15 September 1796 – Thursday – from Rowling

My dear Cassandra

We have been very gay since I wrote last; dining at Nackington, returning by Moonlight, and everything quite in Stile, not to mention Mr Claringbould’s Funeral which we saw go by on Sunday.  I beleive I told you in a former Letter that Edward had some idea of taking the name of Claringbould; but that scheme is over, tho’ it would be a very eligible as well as a very pleasant plan, would any one advance him Money enough to begin on.  We rather expected Mr Milles to have done so on Tuesday; but to our great Surprise, nothing was said on the subject, and unless it is in your power to assist your Brother with five or six Hundred pounds, he must entirely give up the idea.

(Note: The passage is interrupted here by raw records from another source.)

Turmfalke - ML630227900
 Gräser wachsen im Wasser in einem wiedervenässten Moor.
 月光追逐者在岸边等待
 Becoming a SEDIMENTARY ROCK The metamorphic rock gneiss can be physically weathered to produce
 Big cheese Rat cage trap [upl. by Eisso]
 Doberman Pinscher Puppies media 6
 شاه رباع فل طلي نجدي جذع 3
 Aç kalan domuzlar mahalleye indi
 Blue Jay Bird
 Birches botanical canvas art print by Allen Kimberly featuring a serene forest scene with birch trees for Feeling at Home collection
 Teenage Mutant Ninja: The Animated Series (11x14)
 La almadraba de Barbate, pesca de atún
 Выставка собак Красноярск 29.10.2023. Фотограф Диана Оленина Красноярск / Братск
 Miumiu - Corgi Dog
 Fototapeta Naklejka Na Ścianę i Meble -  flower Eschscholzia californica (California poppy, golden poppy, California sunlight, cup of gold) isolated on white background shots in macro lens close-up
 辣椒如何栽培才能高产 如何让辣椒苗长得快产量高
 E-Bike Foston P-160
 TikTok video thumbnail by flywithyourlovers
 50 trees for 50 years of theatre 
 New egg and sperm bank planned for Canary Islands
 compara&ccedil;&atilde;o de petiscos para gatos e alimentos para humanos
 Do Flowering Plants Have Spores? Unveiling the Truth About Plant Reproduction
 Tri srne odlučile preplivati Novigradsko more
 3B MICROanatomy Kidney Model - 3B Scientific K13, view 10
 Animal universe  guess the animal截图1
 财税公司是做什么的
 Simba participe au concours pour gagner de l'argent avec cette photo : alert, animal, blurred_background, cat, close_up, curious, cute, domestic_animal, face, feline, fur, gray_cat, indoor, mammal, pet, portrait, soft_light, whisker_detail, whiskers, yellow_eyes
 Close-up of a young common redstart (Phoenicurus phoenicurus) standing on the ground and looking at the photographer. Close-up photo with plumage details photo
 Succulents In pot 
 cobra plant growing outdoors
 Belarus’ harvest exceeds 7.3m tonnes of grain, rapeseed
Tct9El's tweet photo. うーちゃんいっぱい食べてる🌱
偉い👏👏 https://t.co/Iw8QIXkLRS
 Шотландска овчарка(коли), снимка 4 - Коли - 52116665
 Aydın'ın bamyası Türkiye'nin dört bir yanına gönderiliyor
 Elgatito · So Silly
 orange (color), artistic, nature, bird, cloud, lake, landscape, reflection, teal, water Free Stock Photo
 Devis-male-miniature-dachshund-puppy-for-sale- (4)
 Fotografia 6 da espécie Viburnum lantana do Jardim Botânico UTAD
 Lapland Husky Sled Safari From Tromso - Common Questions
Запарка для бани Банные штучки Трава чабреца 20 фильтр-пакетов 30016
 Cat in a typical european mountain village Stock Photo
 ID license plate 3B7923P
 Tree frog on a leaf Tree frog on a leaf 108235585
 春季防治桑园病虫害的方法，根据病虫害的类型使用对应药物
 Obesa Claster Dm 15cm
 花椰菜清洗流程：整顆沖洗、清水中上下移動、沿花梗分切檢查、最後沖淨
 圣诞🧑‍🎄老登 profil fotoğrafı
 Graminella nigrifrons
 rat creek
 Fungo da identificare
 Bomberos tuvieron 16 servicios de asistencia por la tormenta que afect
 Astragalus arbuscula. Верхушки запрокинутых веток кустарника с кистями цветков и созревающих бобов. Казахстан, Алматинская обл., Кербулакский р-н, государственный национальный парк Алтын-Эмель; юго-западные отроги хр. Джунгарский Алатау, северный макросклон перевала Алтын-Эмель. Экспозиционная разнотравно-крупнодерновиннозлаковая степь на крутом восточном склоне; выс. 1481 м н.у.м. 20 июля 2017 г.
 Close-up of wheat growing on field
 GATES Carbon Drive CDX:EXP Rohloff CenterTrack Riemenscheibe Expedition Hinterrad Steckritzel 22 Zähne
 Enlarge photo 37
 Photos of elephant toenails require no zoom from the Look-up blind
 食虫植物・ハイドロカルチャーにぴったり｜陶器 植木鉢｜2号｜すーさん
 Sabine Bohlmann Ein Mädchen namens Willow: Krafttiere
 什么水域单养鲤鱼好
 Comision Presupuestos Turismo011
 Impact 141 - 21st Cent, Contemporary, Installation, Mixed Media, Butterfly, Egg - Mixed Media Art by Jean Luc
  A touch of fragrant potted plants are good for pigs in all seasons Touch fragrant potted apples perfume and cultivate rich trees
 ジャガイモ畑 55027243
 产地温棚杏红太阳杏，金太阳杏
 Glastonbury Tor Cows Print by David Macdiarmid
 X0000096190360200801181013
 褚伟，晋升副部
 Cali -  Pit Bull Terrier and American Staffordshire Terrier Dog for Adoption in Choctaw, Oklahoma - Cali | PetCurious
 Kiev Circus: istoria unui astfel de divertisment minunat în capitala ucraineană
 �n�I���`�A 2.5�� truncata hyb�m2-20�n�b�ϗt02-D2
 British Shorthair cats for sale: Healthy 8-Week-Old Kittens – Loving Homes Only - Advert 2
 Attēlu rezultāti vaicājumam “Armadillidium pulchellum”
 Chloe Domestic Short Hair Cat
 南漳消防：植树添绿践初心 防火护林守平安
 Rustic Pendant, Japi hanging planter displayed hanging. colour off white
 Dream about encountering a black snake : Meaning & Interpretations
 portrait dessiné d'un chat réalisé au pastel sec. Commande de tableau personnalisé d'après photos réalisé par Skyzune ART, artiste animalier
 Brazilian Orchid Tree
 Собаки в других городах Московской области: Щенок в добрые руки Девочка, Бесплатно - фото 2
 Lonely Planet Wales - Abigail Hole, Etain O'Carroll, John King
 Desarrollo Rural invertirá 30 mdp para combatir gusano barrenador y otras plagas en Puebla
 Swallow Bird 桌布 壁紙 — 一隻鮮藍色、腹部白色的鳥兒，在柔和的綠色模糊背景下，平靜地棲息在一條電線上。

At Nackington we met Lady Sondes’ picture over the Mantelpeice in the Dining room, and the pictures of her three Children in an Antiroom, besides Mr Scott, Miss Fletcher, Mr Toke, Mr J. Toke, and the Archdeacon Lynch.  Miss Fletcher and I were very thick, but I am the thinnest of the two– She wore her purple Muslin, which is pretty enough, tho’ it does not become her complexion.  There are two Traits in her Character which are pleasing; namely, she admires Camilla, & drinks no cream in her Tea.  If you should ever see Lucy, You may tell her, that I scolded Miss Fletcher for her negligence in writing, as she desired me to do, but without being able to bring her to any proper sense of Shame–That Miss Fletcher says in her defence that as every Body whom Lucy knew when she was in Canterbury, has now left it, she has nothing at all to write to her about.  By Everybody, I suppose Miss Fletcher means that a new set of Officers have arrived there–.  But this is a note of my own.–Mrs Milles, Mr John Toke, & in short every body of any Sensibility enquired in tender Strains after You; and I took an opportunity of assuring Mr J.T. that neither he nor his Father need longer keep themselves single for You–.  We went in our two Carriages to Nackington; but how we divided, I shall leave you to surmise, merely observing that as Eliz: and I were without either Hat or Bonnet, it would not have been very convenient for us to go in the Chair.– We went by Bifrons, & I contemplated with a melancholy pleasure, the abode of Him, on whom I once fondly doated.–

We dine to day at Goodnestone, to meet my Aunt Fielding from Margate, and a Mr Clayton, her professed Admirer; at least so I imagine.  Lady Bridges has received very good accounts of Marianne, who is already certainly the better for her Bathing.– So– his royal Highness Sir Thomas Williams has at length sailed–; the Papers say “on a Cruize”.  But I hope they are gone to Cork, or I shall have written in vain.  Give my Love to Jane, as she arrived at Steventon Yesterday, I dare say.  I sent a message to Mr Digweed from Edward, in a letter to Mary Lloyd, which [she] ought to receive to day; but as I know that the Harwoods are not very exact as to their Letters, I may as well repeat it to You–.  Mr Digweed is to be informed that Illness has prevented Seward’s coming over to look at the intended Repairs at the Farm, but that he will come, as soon as he can.  Mr Digweed may also be informed if you think proper, that Mr & Mrs Milles are to dine here tomorrow, and that Mrs Joan Knatchbull is to be asked to meet them.– Mr Richard Harvey’s match is put off, till he has got a Better Christian name, of which he has great Hopes.  Mr Children’s two Sons are both going to be married, John & George–.  They are to have one wife between them; a Miss Holwell, who belongs to the Black Hole at Calcutta.—-

I depend on hearing from James very soon; he promised me an account of the Ball, and by this time he must have collected his Ideas enough, after the fatigue of dancing, to give me one.  Edward & Fly went out yesterday very early in a couple of Shooting Jackets, and came home like a couple of Bad Shots, for they killed nothing at all.  They are out again to day, & are not yet returned. — Delightful Sport!– They are just come home; Edward with his two Brace, Frank with his Two and a half.  What amiable Young Men!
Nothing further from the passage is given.